• _Supplied records_
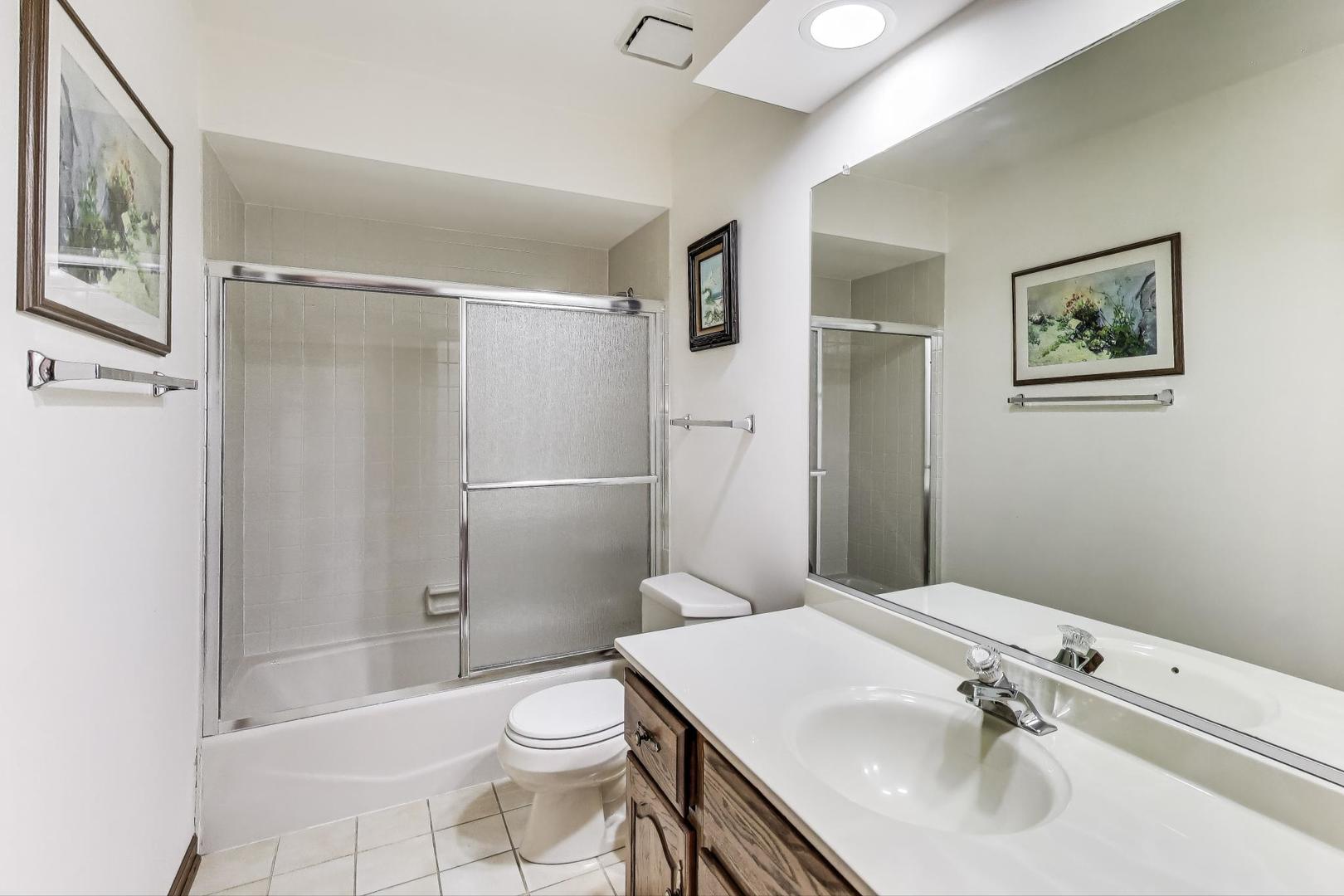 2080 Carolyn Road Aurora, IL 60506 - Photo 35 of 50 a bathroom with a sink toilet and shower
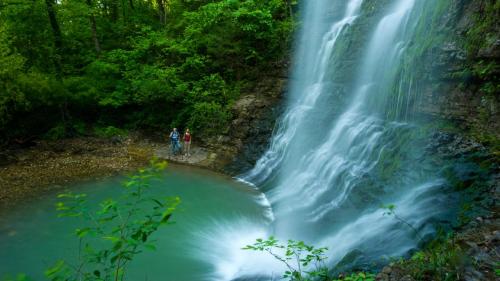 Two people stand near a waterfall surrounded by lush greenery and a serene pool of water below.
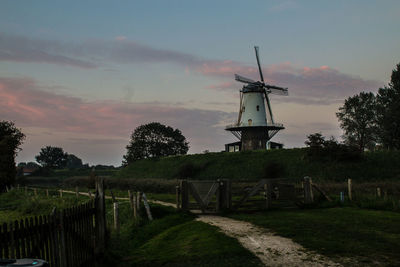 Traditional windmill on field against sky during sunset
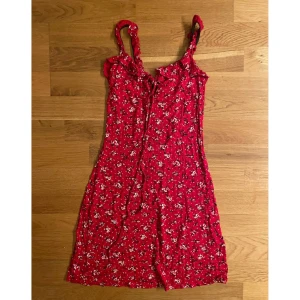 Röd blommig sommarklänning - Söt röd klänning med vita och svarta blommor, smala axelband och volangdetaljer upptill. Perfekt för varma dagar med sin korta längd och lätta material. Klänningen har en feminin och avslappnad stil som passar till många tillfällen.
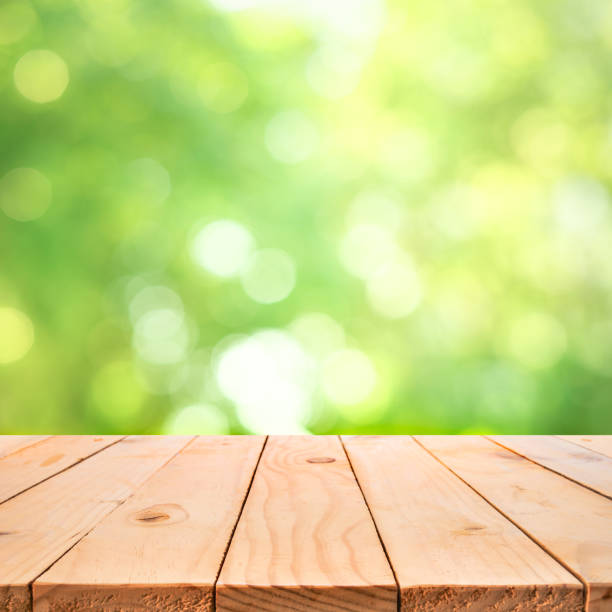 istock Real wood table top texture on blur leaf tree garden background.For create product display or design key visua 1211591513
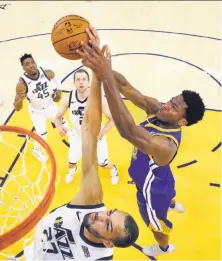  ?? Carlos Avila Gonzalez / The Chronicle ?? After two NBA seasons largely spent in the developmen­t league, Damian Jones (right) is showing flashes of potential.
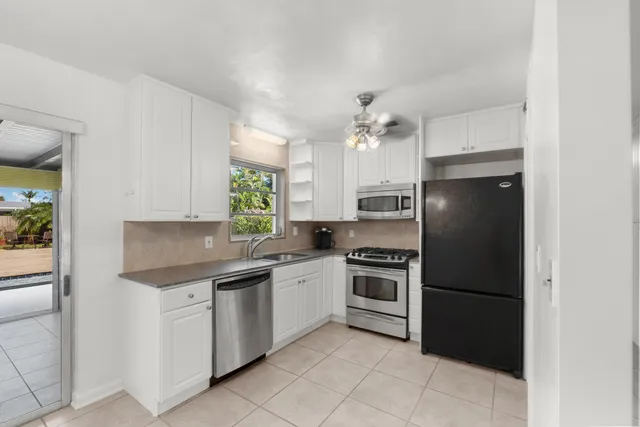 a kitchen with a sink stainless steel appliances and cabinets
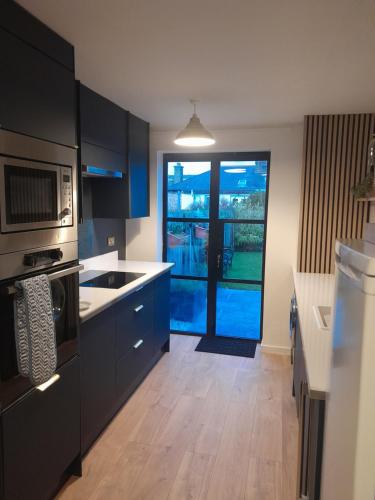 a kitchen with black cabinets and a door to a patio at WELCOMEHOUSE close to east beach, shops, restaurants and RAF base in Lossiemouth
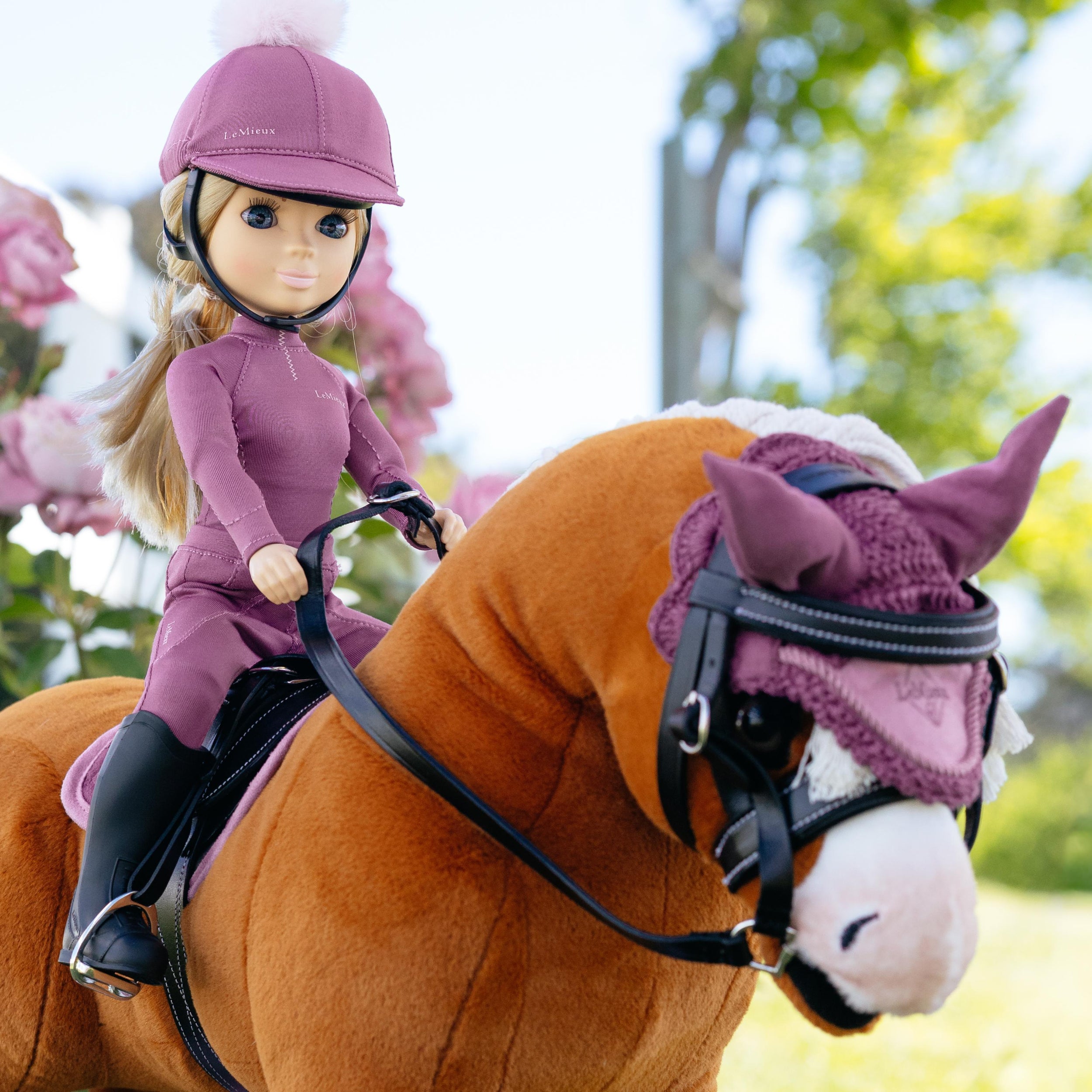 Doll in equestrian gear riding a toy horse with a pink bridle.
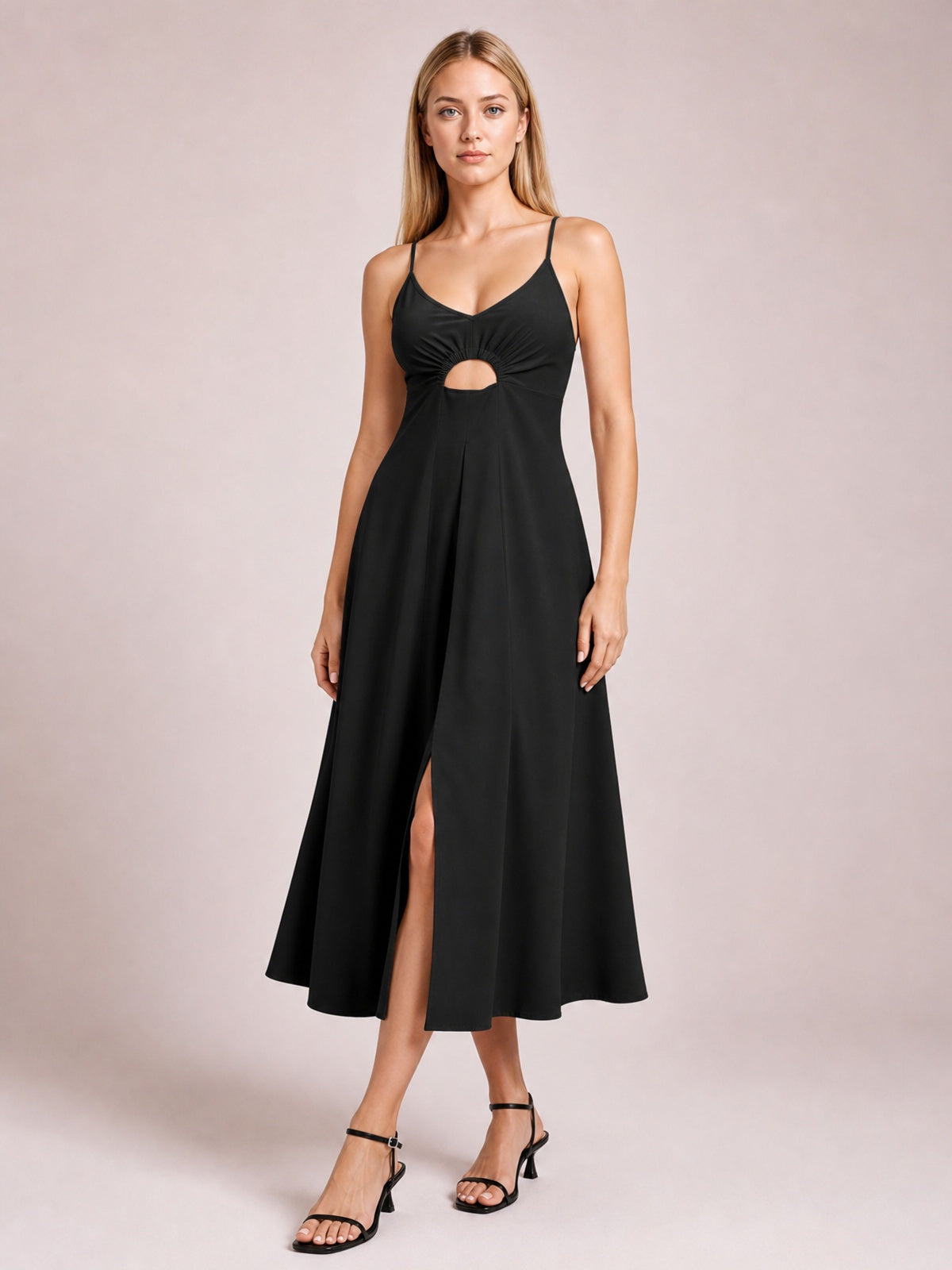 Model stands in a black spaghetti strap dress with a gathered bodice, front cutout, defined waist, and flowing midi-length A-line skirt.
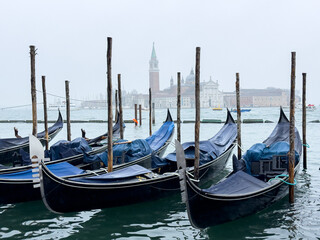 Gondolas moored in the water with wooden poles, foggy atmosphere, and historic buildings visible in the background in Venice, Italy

• _How to complete this task_
A word-for-word repeat is expected of the lines from the one with "Doll in equestrian" to the end of the data, both included; pictures are not part of it.

• _Finished exercise_
 Doll in equestrian gear riding a toy horse with a pink bridle.
 Model stands in a black spaghetti strap dress with a gathered bodice, front cutout, defined waist, and flowing midi-length A-line skirt.
 Gondolas moored in the water with wooden poles, foggy atmosphere, and historic buildings visible in the background in Venice, Italy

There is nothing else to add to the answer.